A national BGLTQ support organization charged Harvard with contriving a shortsighted solution to issues of sexual assault and discrimination as it moves to implement a new policy that will punish members of single-gender, unrecognized social groups.
Campus Pride, an organization for BGLTQ college students, released a statement last Wednesday asking the University to reconsider sanctions that will, starting with the Class of 2021, bar members of male and female final clubs, fraternities, and sororities from holding leadership positions in College-recognized clubs and disqualify them from Harvard endorsement for some prestigious fellowships.
“Harvard’s policy will not fix the serious campus problems of sexual assault or discrimination—much less classism and racism,” Shane L. Windmeyer, the executive director of Campus Pride, wrote in a press release. “It will only drive them further underground. Blocking access or restricting rights is never the answer to complex issues.”
Dean of the College Rakesh Khurana—who has over the past year pushed to regulate single-gender organizations, focusing primarily on all-male final clubs—reiterated a sentiment he expressed in May.
“Harvard College is committed to building an inclusive campus community where all students have equal opportunity to live, learn, and thrive and we have the obligation to establish general regulations and standards that shape our Harvard community in a manner that is consistent with our educational philosophy,” he wrote in a statement through Faculty of Arts and Sciences spokesperson Anna Cowenhoven.
In the statement, Campus Pride sided with national greek and fraternal organizations, which sharply condemned Harvard’s sanctions after they were announced in early May. Campus Pride has advocated for BGLTQ inclusion in fraternities and sororities across the country for nearly 20 years, Windmeyer wrote, particularly for transgender people who wish to join organizations that correspond to their gender identity, rather than their assigned biological sex.
“For some trans and LGB young people, there is great value, affirmation and personal growth from being part of a single-gendered brotherhood or sisterhood,” he wrote, emphasizing that the organization supported students’ rights to join groups of their choosing, even as it sympathized with Harvard’s goal of tackling sexual assault and exclusivity.
Harvard’s Office of BGLTQ Student Life deferred comment to the College spokesperson Rachael Dane.
BGLTQ advocate Brianna J. Suslovic ’16 wrote in an email that she thought the organization was operating “from a limited context.”
“Given the clubs' tendency to be disproportionately straight, white, and cisgender male, I do not see how these clubs serve to benefit the majority of Harvard's diverse queer and trans communities, especially for those who identify outside of the gender binary,” she wrote.
Several campus groups strongly criticized the sanctions after they were announced.
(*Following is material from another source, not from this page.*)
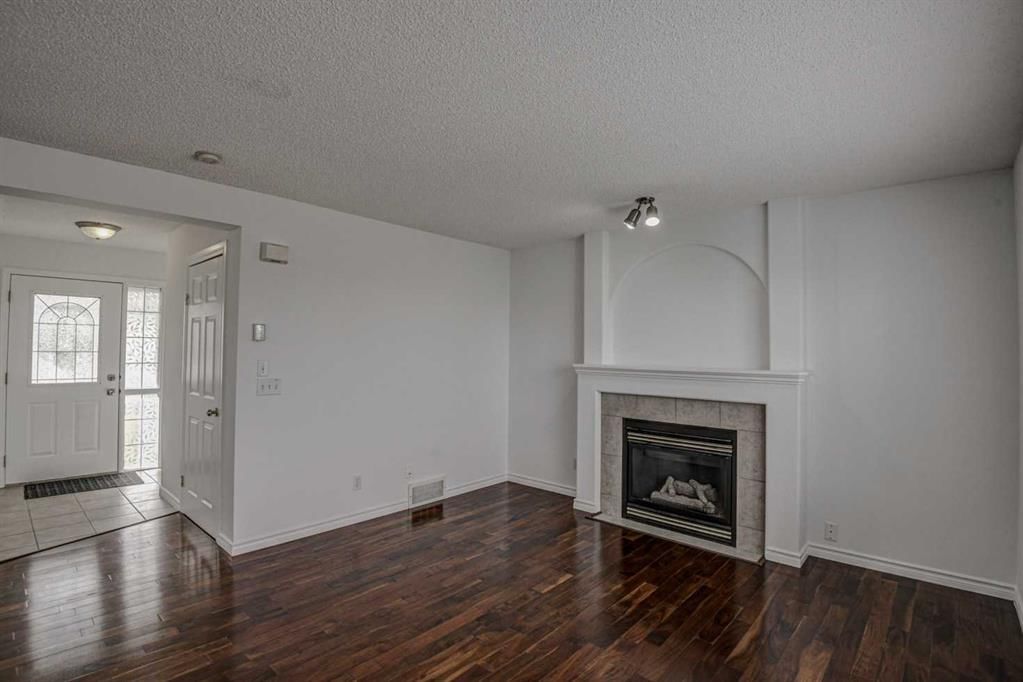 217 Somerside Close SW, Calgary — photo 5 of 40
Members of sororities and female final clubs rallied in Harvard Yard, and fraternities and male final clubs—though not as outwardly vocal—are beginning to consult lawyers to tackle the sanctions. While none have pledged legal action yet, at least one fraternity, Alpha Epsilon Pi, has approached legal counsel.
And in late May, 12 faculty members drafted a motion to oppose Harvard’s position, resolving that “Harvard College shall not discriminate against students on the basis of organizations they join.”